Dat laatste is Elena Ferrante al een forse doorn in het oog. Van publiciteit moet ze niets hebben, aan interviews heeft ze een broertje dood. Al een kwart eeuw houdt de Italiaanse schrijfster haar werkelijke identiteit verborgen. Ze wil niet meedoen aan discussies, prijsuitreikingen en conferenties. Ze laat zich alleen schriftelijk interviewen en dan nog zo spaarzaam mogelijk. ‘Ik geloof dat boeken, als ze geschreven zijn, hun auteurs niet meer nodig hebben’, zo luidt haar standpunt. ‘Als ze (de boeken dus) wat te zeggen hebben, zullen ze vroeg of laat lezers vinden; zo niet, dan niet.’
Een principe dat te eerbiedigen valt, ware het niet dat Ferrante de laatste jaren is uitgegroeid tot een bestsellerauteur van formaat. Ze is zelfs een van de honderd invloedrijkste personen ter wereld, vindt het magazine Time. Tja, dan moet je als journalist wel van heel goede huize komen om de roep om haar doopceel te lichten te kunnen weerstaan. Zeker als je onderzoeksjournalist bent, dan moeten alle principes en standpunten wijken.
Zeker als je onderzoeksjournalist bent,
dan moeten alle principes
en standpunten wijken.
De Italiaanse journalist Claudio Gatti beweert nu zeker te weten wie er achter Ferrante schuilgaat. Voor de nieuwsgierigen onder ons: de Italiaanse vertaalster Anita Raja is volgens Gatti de auteur van onder meer de veelgeprezen Napolitaanse romans. De journalist - ‘ik word betaald om dingen uit te zoeken en antwoorden te verstrekken’ - zegt dat te kunnen afleiden uit de betalingen van Ferrantes uitgeverij aan Raja, die een dramatisch hoge vlucht namen nadat Ferrante in 2014 bij het grote publiek doorbrak. Haar uitgever weigert commentaar te geven op Gatti’s bevindingen. ‘Als iemand met rust wil worden gelaten, dan laat je haar met rust’, aldus de uitgever, die eraan toevoegde: ‘Ze is geen lid van de Camorra of heeft banden met Berlusconi. Ze is een schrijfster en doet verder niemand kwaad.’

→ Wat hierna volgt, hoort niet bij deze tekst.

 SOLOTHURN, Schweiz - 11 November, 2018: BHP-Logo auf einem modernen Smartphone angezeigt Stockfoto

In steeds meer commentaren zie je steun voor het standpunt van Ferrante en haar uitgever. Boodschapper Gatti krijgt de zwartepiet toegeschoven. ‘Wat doet het ertoe wie zij is’, schrijft The Guardian. ‘Ze is ons niets verschuldigd.’ De krant vreest dat Ferrante zo kopschuw wordt dat ze niet meer zal publiceren. Kortom, respect voor het zelfgekozen isolement.

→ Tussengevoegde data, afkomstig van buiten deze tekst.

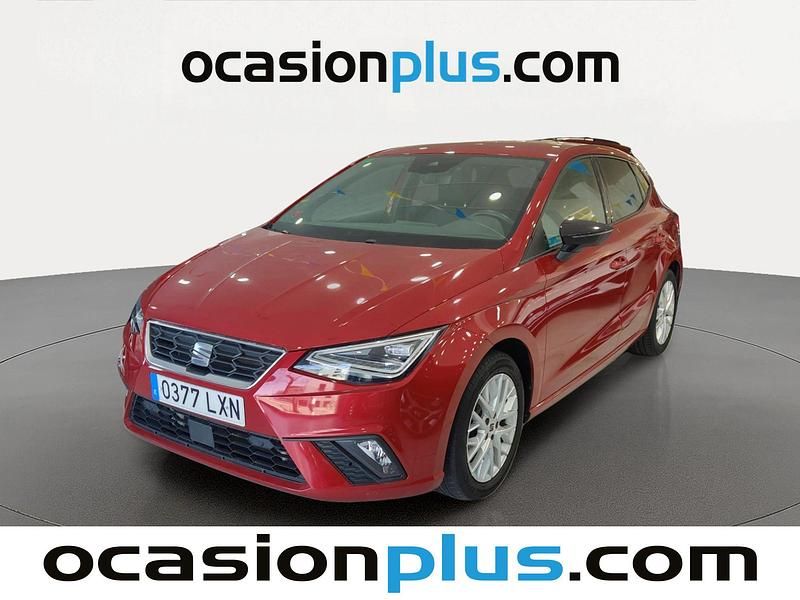 Usado Seat Ibiza FR 110 CV (80 kW) 2022 Rojo Utilitario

Je kunt je afvragen of de AVRO/TROS het eerbiedigen van de privacy van de auteur ook zo hoog heeft zitten, dat het geen onbekende would be-schrijvers uitnodigde voor het programma De pennen zijn geslepen, maar Bekende Nederlanders. Of zou de zucht naar hoge kijkcijfers de overhand hebben gekregen en ertoe hebben geleid dat actrice Monic Hendrickx, Sesamstraatoma Gerda Havertong, oorlogsjournalist Arnold Karskens, modeontwerper Hans Ubbink, ontwikkelingspsycholoog Hans Pont, kunstenares Tinkebell en bioloog Kees Moeliker werden ingehuurd. Vanaf eind oktober moeten de zeven - uiteraard tegen betaling en ondergebracht in een royale villa - onder leiding van Meesterprijswinnares Saskia Noort de aanzet tot een literaire thriller zien te maken. Tips en trucs worden verstrekt door literair agenten Paul Sebes en Willem Bisseling, het meest onbescheiden duo in uitgeefland.

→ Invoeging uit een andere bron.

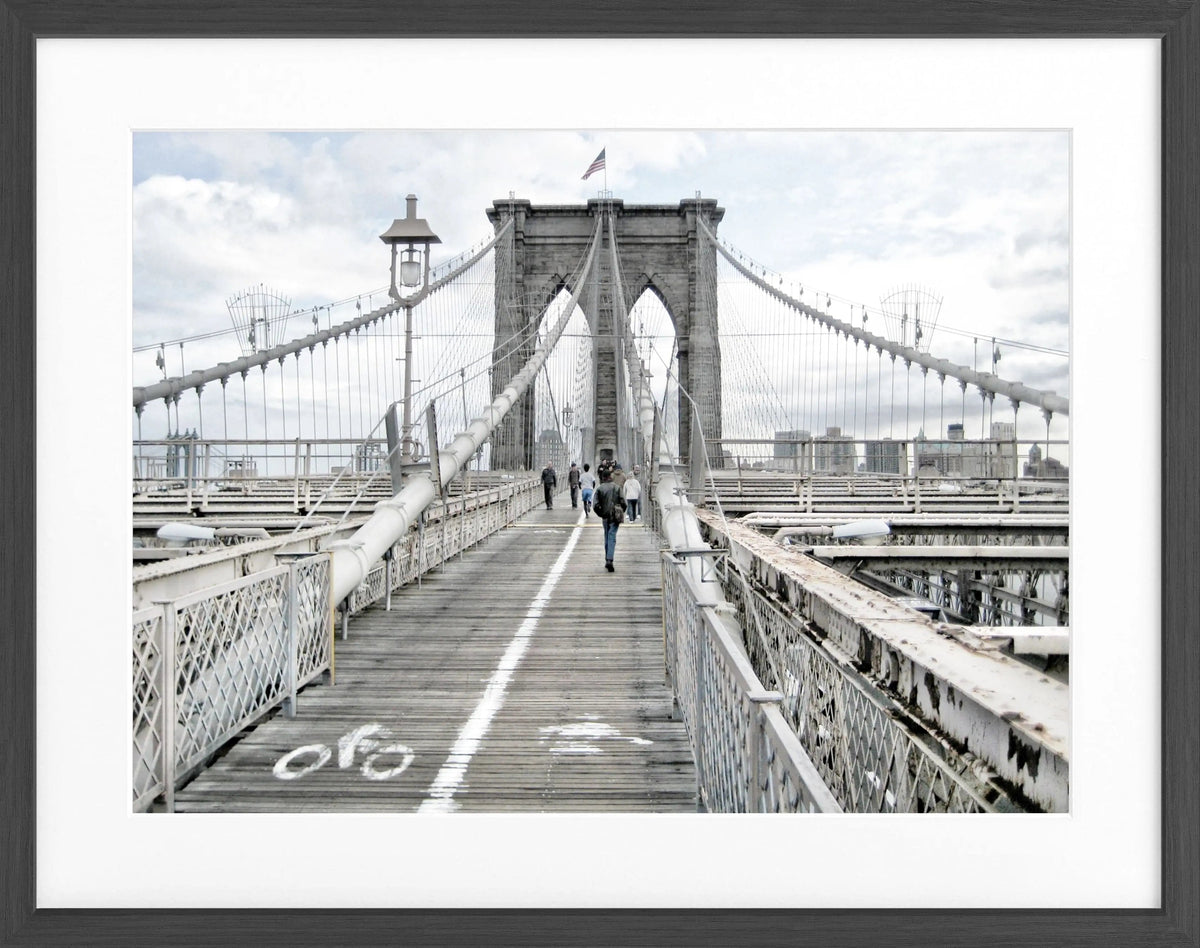 Schwarz-weiß Poster mit Rahmen von Cosman-Photocollection, Brooklyn Bridge in New York, 31x25 cm, Wanddekoration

BN’ers of ON’ers, het programma-idee van AVRO/TROS verdient hoe dan ook ons aller aandacht en hoge kijkcijfers. Nog niet eerder kwam een omroep – op prime time - met een serie uitzendingen speciaal gewijd aan de thriller. Nieuwsgierig ben ik vooral naar de technieken, de rituelen, adviezen, research en eigenlijk ook de geheimen van Saskia Noort, per slot van rekening de enige echte schrijver in het clubje. En dan moeten we de onvermijdelijke golf aan nieuwe Saskia Noort-klonen maar voor lief nemen.
Niks mis mee, maar
het is geen literatuur
Interessant zal toch ook de uitleg zijn van het kokette koppel Sebes en Bisseling over het fenomeen literaire thriller. In zijn boek Bestseller (2008) schrijft Sebes dat de boeken van Heleen van Royen en Saskia Noort zijns inziens tot de wereld van de entertainment behoren. ‘Niks mis mee, maar het is geen literatuur. Wat er goed aan is, is dat het de boekenmarkt in beweging houdt, dat het mensen naar de winkel lokt, dat deze auteurs enorm veel verkoop genereren en mensen aan het lezen zetten’. De ultieme definitie van het begrip literaire thriller in woorden zien te vatten, dat moet in een serie van zeven uitzendingen toch een mooie uitdaging zijn voor Sebes en Bisseling.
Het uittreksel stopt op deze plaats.